Latencies inside and outside of datacenters would mean it should probably work. Maybe I can paper over it with retries? or a polling job? 🤔
I think marking a connection in my db as "recently opened" and giving it a few seconds grace to stop 404ing in api gateway might be enough here. Will report back.
And of course I now have TLAᐩ open in a tab http://lamport.azurewebsites.net/tla/tla.html
The TLA+ Home Page

I convinced myself I knew how to fix the immediate problem while ignoring my initial query which was to better understand the entire problem. So back to TLA+

This is so retro but also somehow on the cutting edge. I'm reading help docs in a framed layout with linked mp4s with pdf transcripts and zip files! It's .. helpful!?

Lol Professor Lamport just scolded me for not following his instruction to hit "how to play" in the web player, I notice that's not in the transcript 😂

Link here if you're interested https://lamport.azurewebsites.net/video/intro.html

This is kind of refreshing from marketing landing pages. I guess this is comp sci academia at it's finest?

It's the "or some other method" that gets me here though. I also loled at "I don’t know exactly what else TLA+ is good for."

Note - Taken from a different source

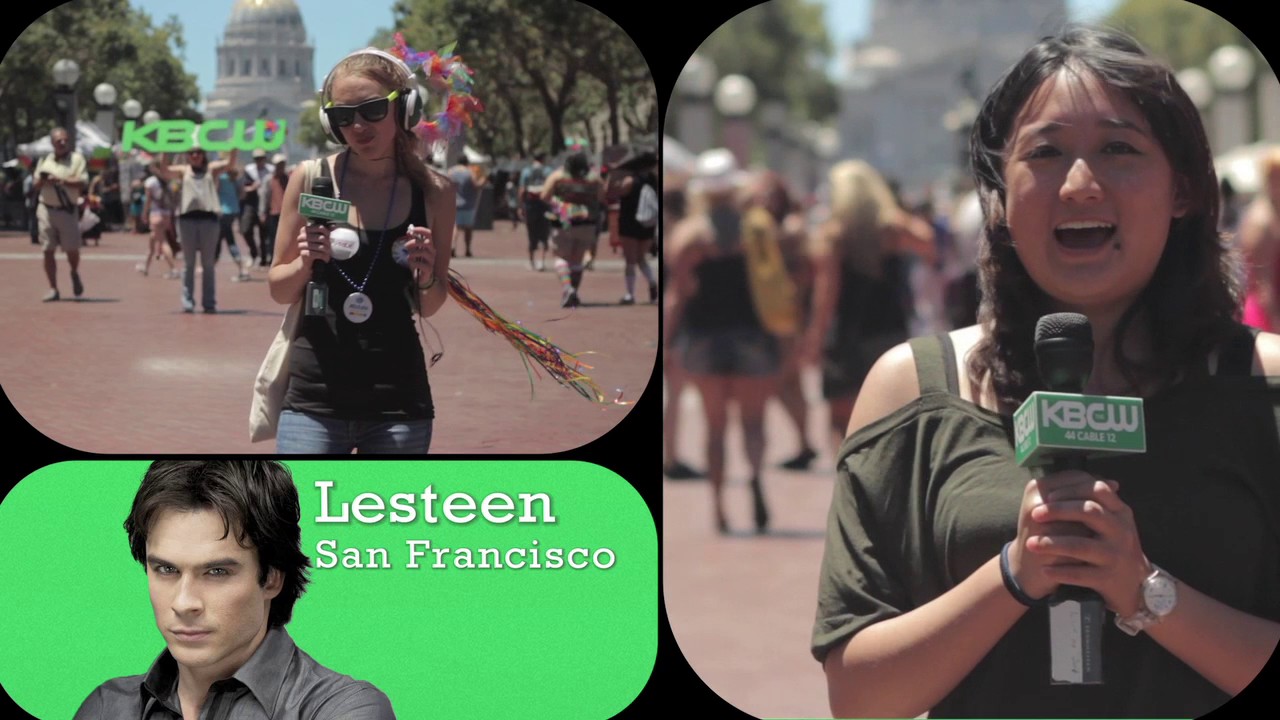 KBCW  Street Stars Pride Celebration 2013 San Francisco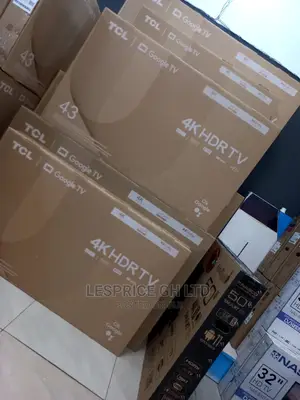 TCL 43” Android Smart Ok Google TV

Besides #tlaplus it seems Lamport invented Paxos!? I feel like an idiot not realizing who he was sooner. https://en.wikipedia.org/wiki/Paxos_(computer_science)
Paxos (computer science) - Wikipedia

And I'm being told I should stop the video and read his Time Clock Systems paper http://lamport.azurewebsites.net/pubs/time-clocks.pdf

I think this video is a masterclass in a good straightforward video that makes clear points and communicates value. I'm enjoying the hell out of this class. (It's a class, no other way to do describe it)

I might as well drop this video here, but you should go to the lectures page for full context https://lamport.azurewebsites.net/video/videos.html

TLA+ Video Course

He wears a lot of hats

So I solved lecture 4 which is a program to solve the Die Hard 3 Jug riddle in TLA+

I stuck big != 4 (which is written "big # 4" or "big /= 4" because math) as an invariant and it failed on a path that got us to 4 gallons!

This is really neat!

and look a pretty pdf!

I did a lesson this morning before work. This escalated quickly. The amount of math concepts I never learned is astounding.

Programming looks like math and uses a lot of the same words but they mean all sorts of different things.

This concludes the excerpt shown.